Perhaps Dave should send the Holy Father a copy and ask him to explain his own hypocrisy.

Juxtaposed against the public publicity stunts as crusaders of justice and mercy, it's been tough to stomach.

But to the best of my knowledge, Cardinal O has never given a lay person a dose of his justice and mercy before.

Branding an innocent man, someone's husband and father, a pervert for using the men's room.

Yet even after both local police and the local district attorney investigated the case and discovered that nothing even remotely criminal had occurred, Cardinal O'Malley still would not reverse his impetuous decision. The lives of four innocent people (the trio plus the custodian) would remain tarnished.


This is their idea of applying mercy and justice.

Disgusting. Just. Simply. Disgusting.

It is hard to articulate how upsetting this is to the righteous, just and merciful Catholics. Our hearts break for the custodian, Fr. Szhal, the teacher and others who are victims of hysterical and cruel nutters.
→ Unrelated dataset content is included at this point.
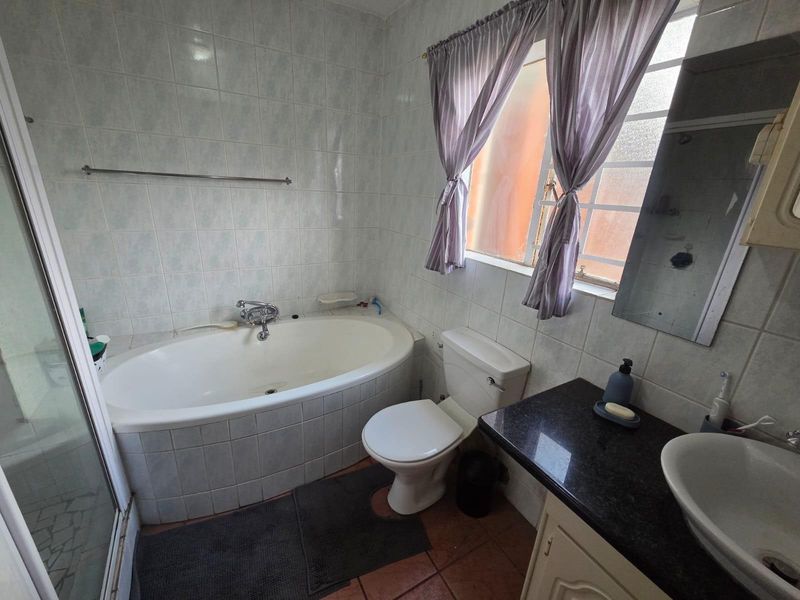 2 Bedroom Townhouse for Sale Highveld - Photo 8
I've never understood why men line urinals up along a wall and go tinkles in front of each other. A custom left over from the Roman empire? Custodians and school administrators are not accountable for the custom, which is practiced in every public building in America.

It was clear nothing inappropriate, perverted or sexual happened.

If you work in a Catholic school in the Archdiocese of Boston, you better get yourself some diapers.

7 comments:

Left-footer said...

Brilliant!

StevenD-Jasper said...

i wonder if omalley believes in God.

Anonymous said...

The inmates are running the asylum.

TTC said...

Good is bad and bad is good. Evil is virtue and virtue is evil. Lies are evangelized and truth is silenced. Merciful people slander people who use the potty as perverts. People who care about families and the poor and justice, do this to other human beings.

Anonymous said...

Urinals save space and are more efficient than having only toilets. Also, men as boys were forcibly conditioned to expect less privacy in this regard as a means of preparation for military service, when they would have none. I can recall gang-toilets (no dividers) in scout camps in the 1960s and 1970s: the explanation given was, this is to get you ready for when you do military service.

TTC said...

Interesting history - thanks for it.

Whoever the mother was that made a phone call when her son saw a man at a urinal when he walked into the bathroom should be driven to the border of Mexico while we all wave bye bye.

Seriously. Our men can't use the toilets now without the nutters calling the police and the bishops branding them as perverts to appease the hysterical.

breathnach said...

The custodian should declare himself/herself/itself a transgender. Then a lawsuit and PR campaign could be ginned up declaring that the imposition of gendered bathrooms by the reactionary Archdiocese caused the custodian incredible emotional distress. His distress was aggravated by the imposition of a male gender identity by forcing the custodian to relieve himself in the 21st century equivalent of the auto da fe: the urinal. Cardinal Sean would quickly call for emergency consultation with the congregation of Saint Cecilia's parish and a seven figure settlement and a welcome back LGBT Mass in the school hall at Immaculate Conception in Revere would quickly follow. The confused boy and his confused parent would join in to celebrate their new found transgendered mentor.